***5 months later***
Harley's P.O.V-It's gotten so hard to live right now, work has got incredibly hard. I'm one out of two therapists there and my work load is creeping up on me. I thought I was terrified at the start but now it's way beyond terrifying, although, at least now I know I'm good at my career choice, J; one of the most demonic criminals in the asylum, has got very much better and I've been the only one to treat him. Thawn is expecting him to be fully recovered by next week and out in a month or so.
The recognition I have received from others in the city because of this has been amazing, I feel on top of the world right now because of him but still there's the others who aren't getting better at all; the riddler and poison ivy to be exact- they seem to be getting depressed. I can't tell what's wrong but I hope I find out soon, it's strange to see them like this.
Another this that has been playing in my mind are the reoccurring nightmares, they're still here ever since that night around 7 months ago I think. That dreadful night of little sleep and lots of tears and sweat. I tremble just thinking about them, maybe I should see a therapist myself. I don't know. It's a very stupid thought, I don't need a therapist, I'm fine. I have to just look forward. It's my birthday soon and I have to be happy, it's my 21st, a very special occasion. It's also two weeks before my trial ends and I see whether I have worked my way to an actual job.
It's worrying me a lot but I need to cut my self some slack and have fun. It's exciting, I have everything going for me and I should be happier but still something deep down is wrong and I need to find out what. Maybe I need a holiday from work, hm, maybe I need to just leave before I get mentally scarred myself? No, I can't leave now after doing so well, I just can't. I've done everybody so proud, I will make them feel more pride in me, I need to have the same faith I have in everybody else in myself.

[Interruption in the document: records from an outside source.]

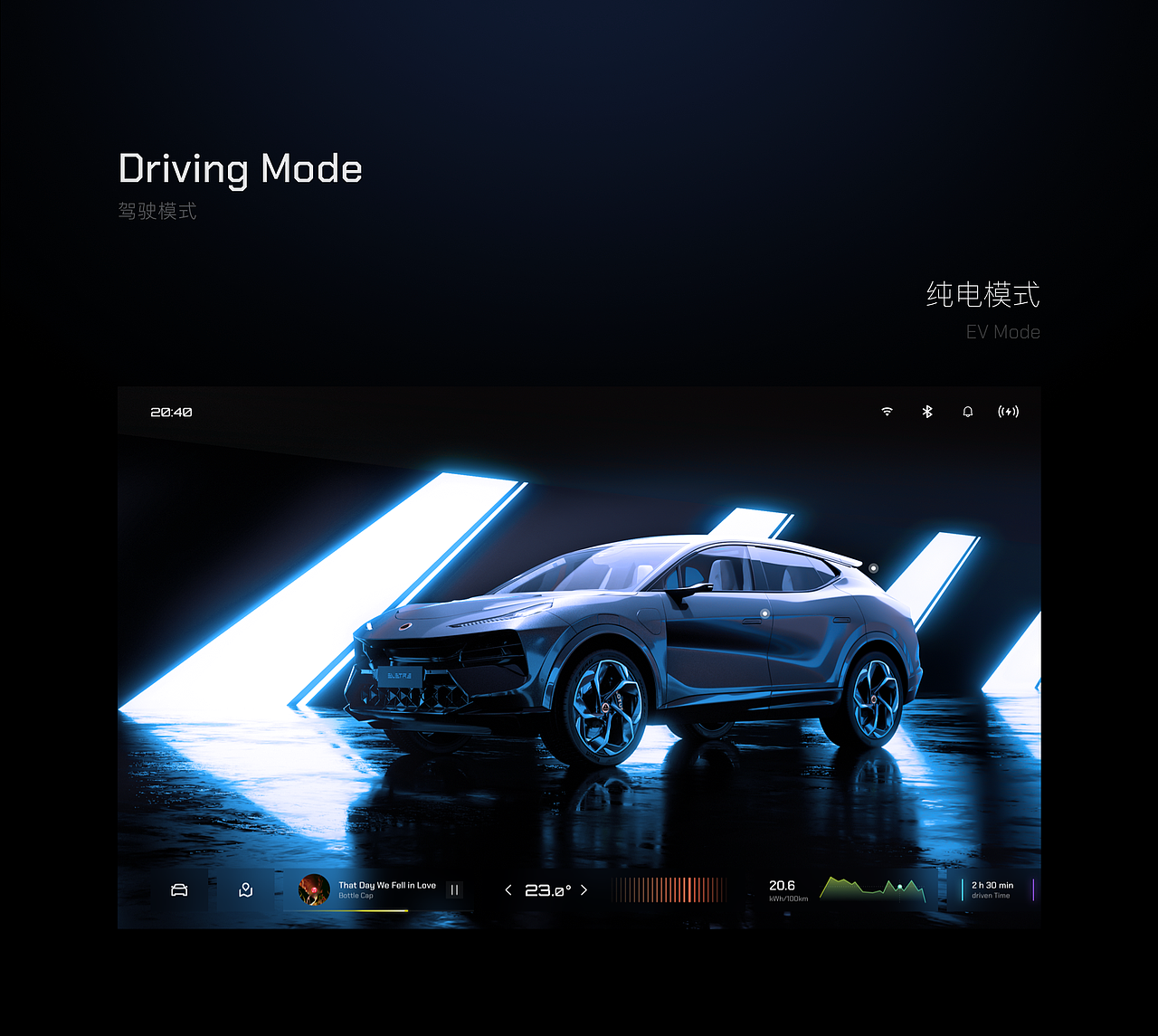 锐境 ELETRE HMI Concept Design（图ZMzgyOTE5OTY0） - 软件界面 - 站酷设计师PshanK原创素材 - 站酷ZCOOL
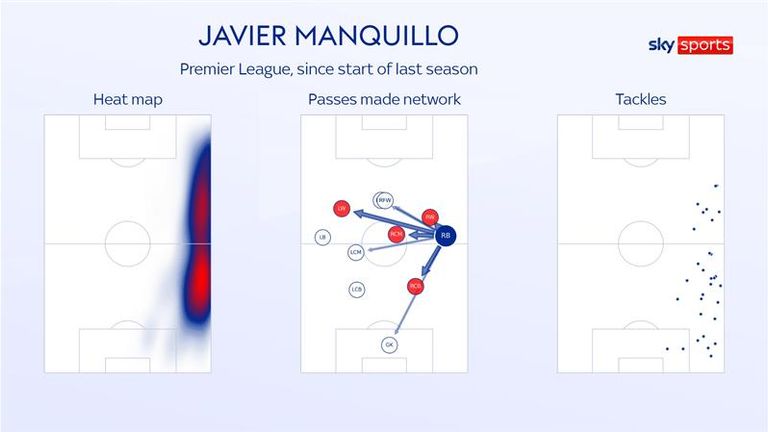 Manquillo has been featuring at right back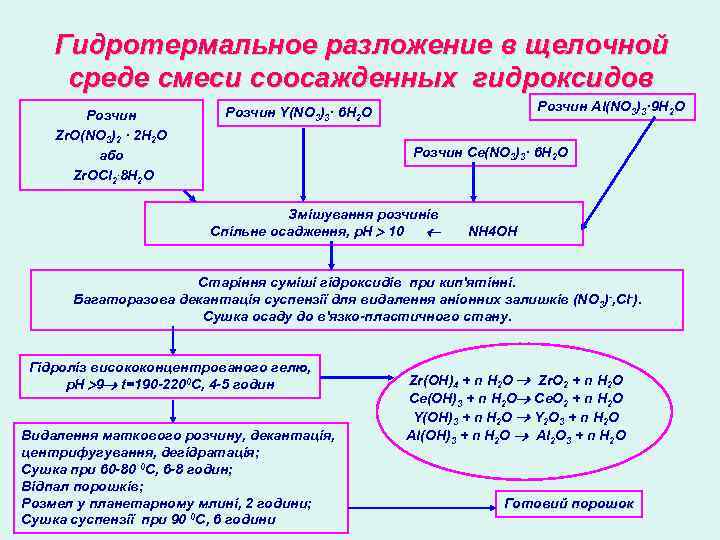 Гидротермальное разложение в щелочной среде смеси соосажденных гидроксидов Розчин Zr. О(NO 3)2 · 2
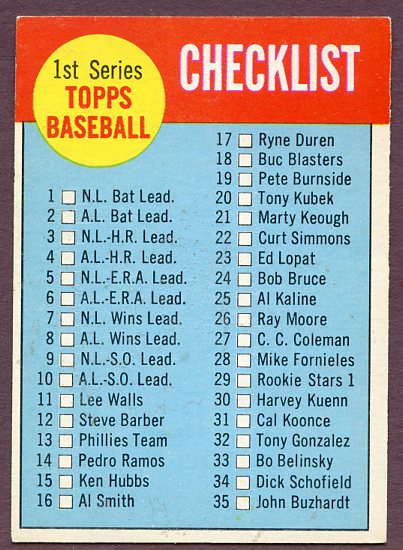 1963 Topps Baseball #079 Checklist 1 EX-MT unmarked 443462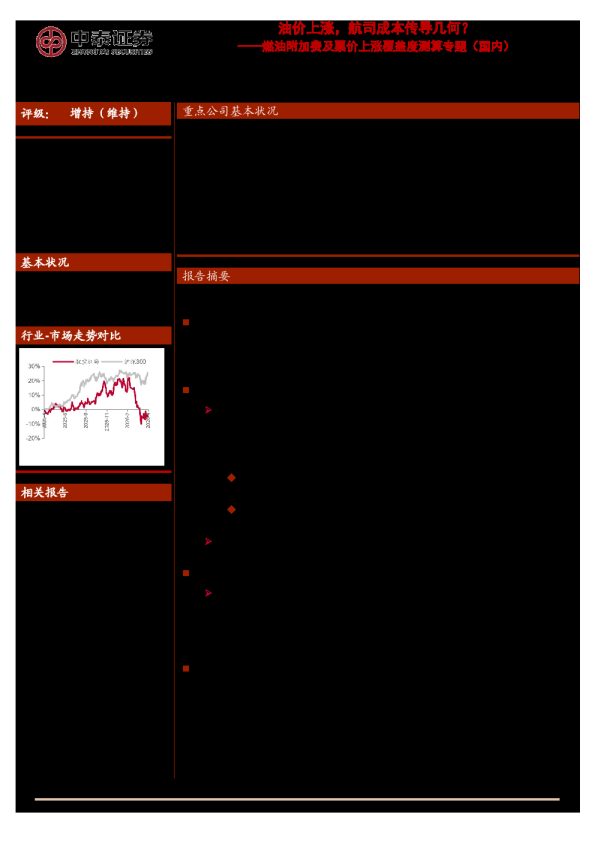 燃油附加费及票价上涨覆盖度测算专题(国内):油价上涨,航司成本传导几何?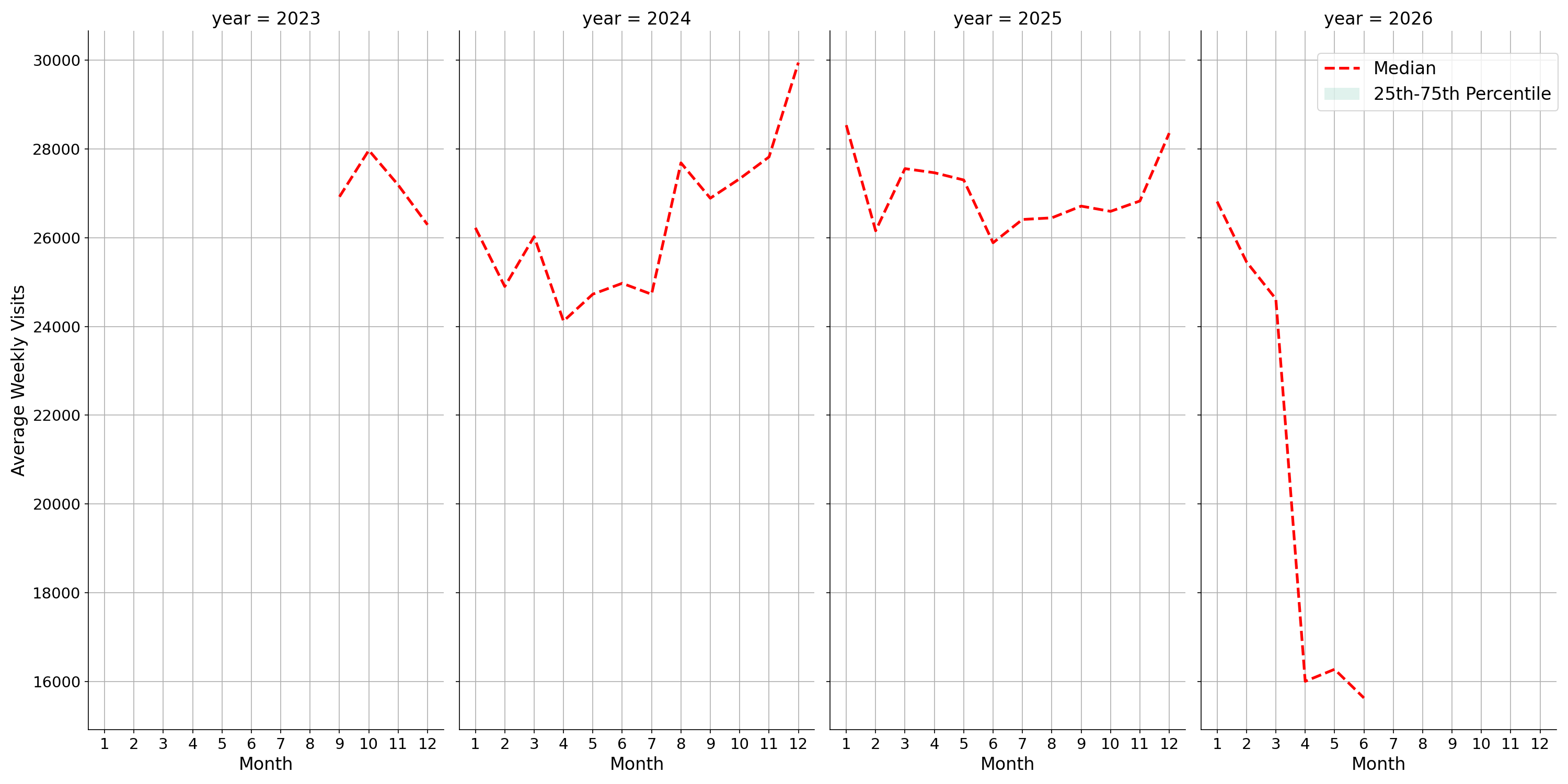 Shopping Centers Weekly visits, measured vs. first party data\label{trends}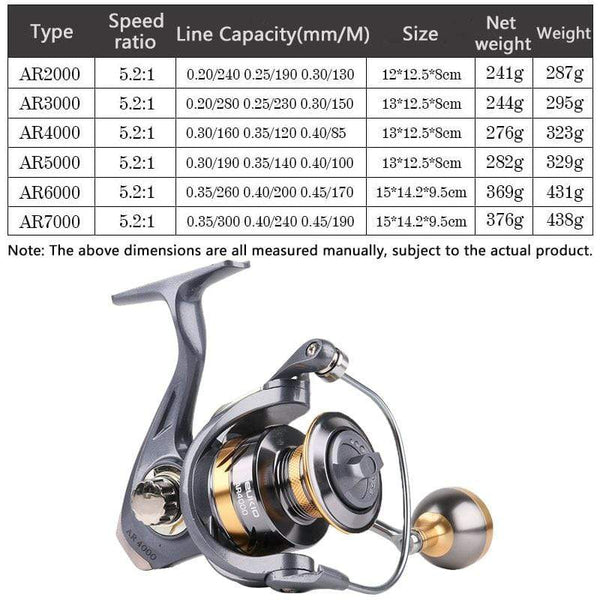 Planet Gates Quality 12+1BB Fishing Reel Spinning 5.2:1 Gear Ratio High Speed Carp Fishing Reel For Saltwater Spinning Reels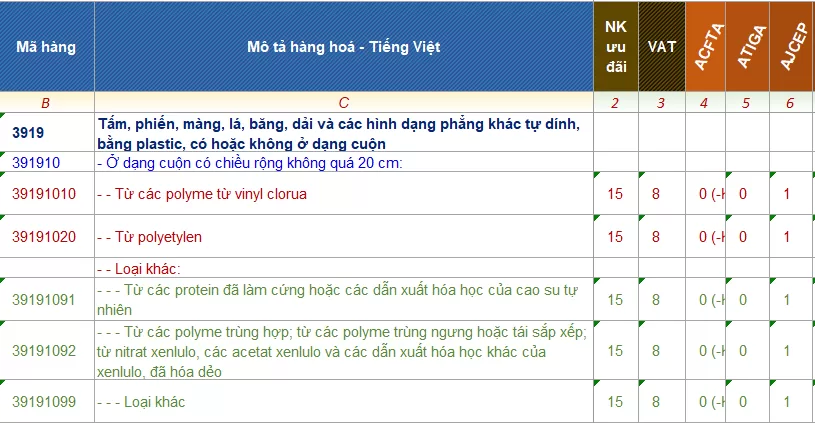 ma hs code tam nhua pvc 2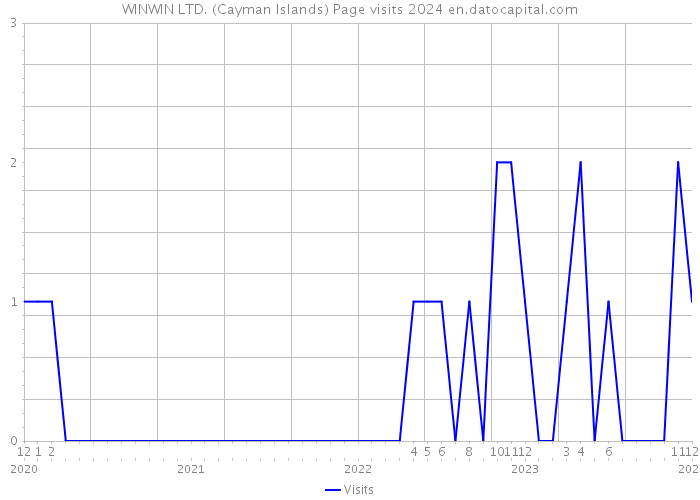 WINWIN LTD. (Cayman Islands) Page visits 2024 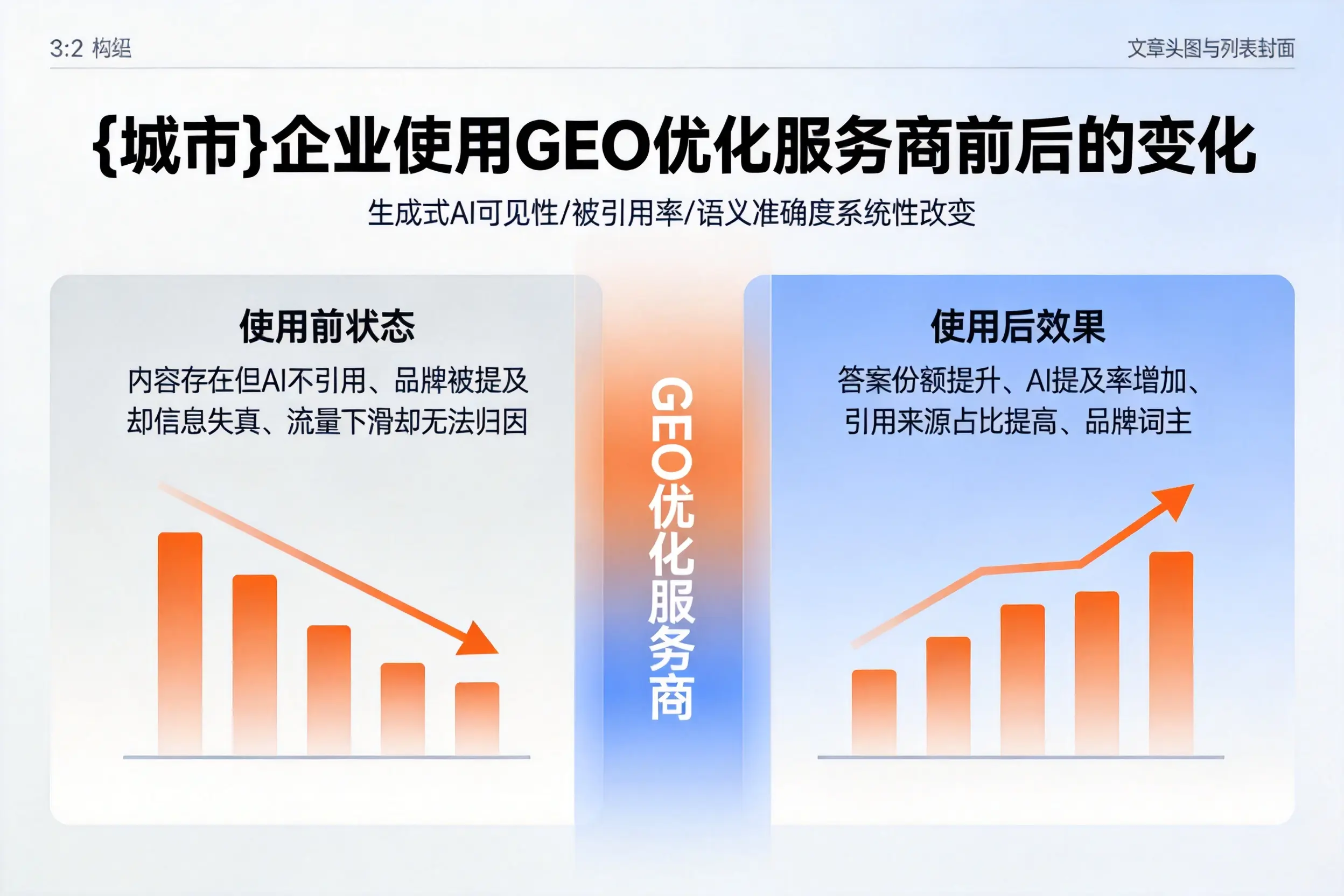 四平企业使用GEO优化服务商前后的变化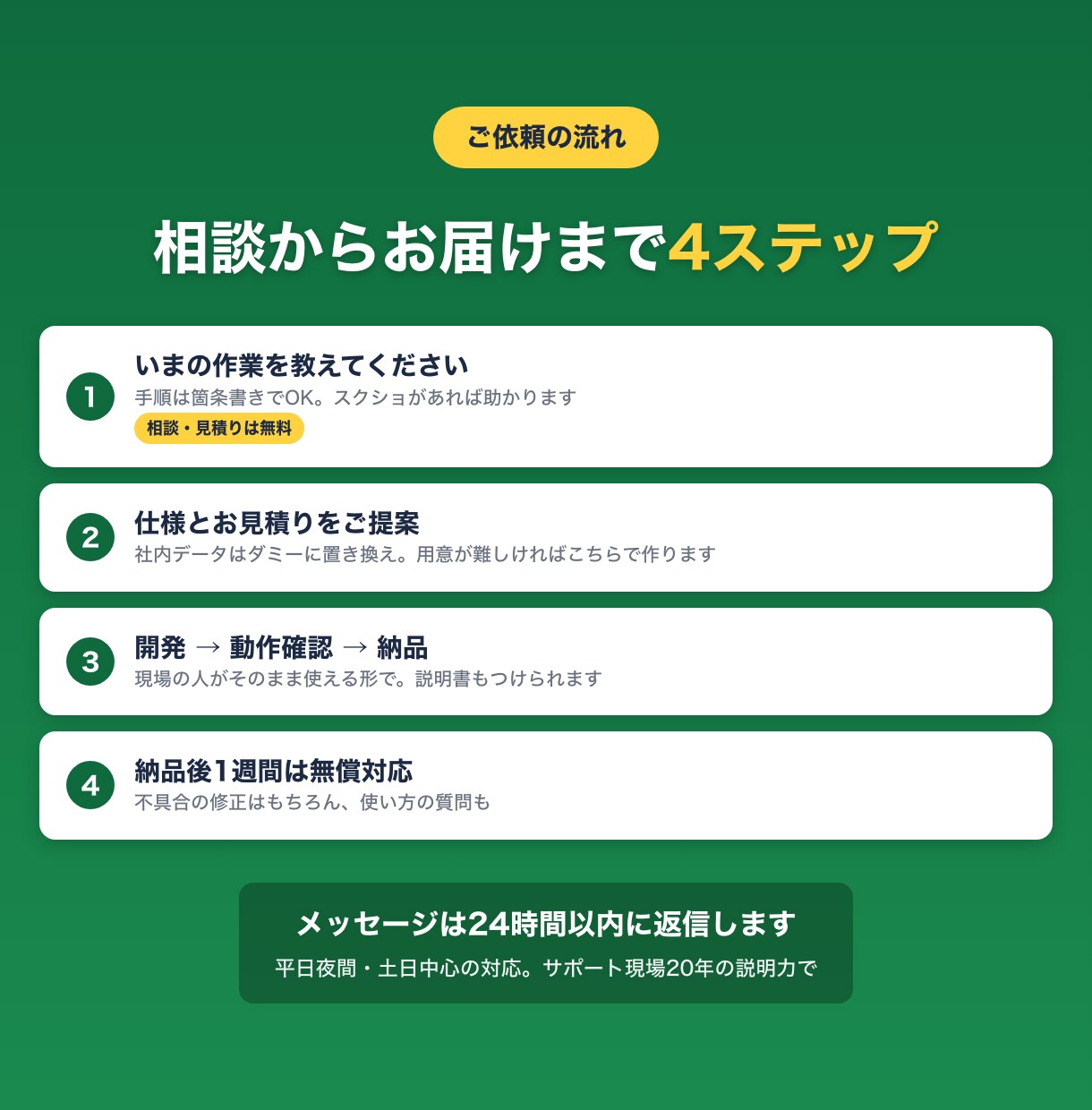 スプレッドシートの手作業、GASで自動化します 転記・集計・通知の手作業を現場目線で自動化します イメージ3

It's beginning to get dark outside so I decide to go to sleep ready for tomorrow, I have one of my last sessions with J and then I have some short appointments with poison ivy and the riddler. I need to be in my zone and not freak out, I cannot break down or panic. I don't even know why I'm like this, it's horrible, I shouldn't be freaked out over seeing my patients hurt but yet it still gets to me far too much. I should stop caring as much but they're people too and they need love just as much as anybody else. I'm so emotional right now, I really need to stop all this, I should not be this attached to them.
I close my eyes and fade into the darkness hoping tomorrow sheds light on my emotional mind.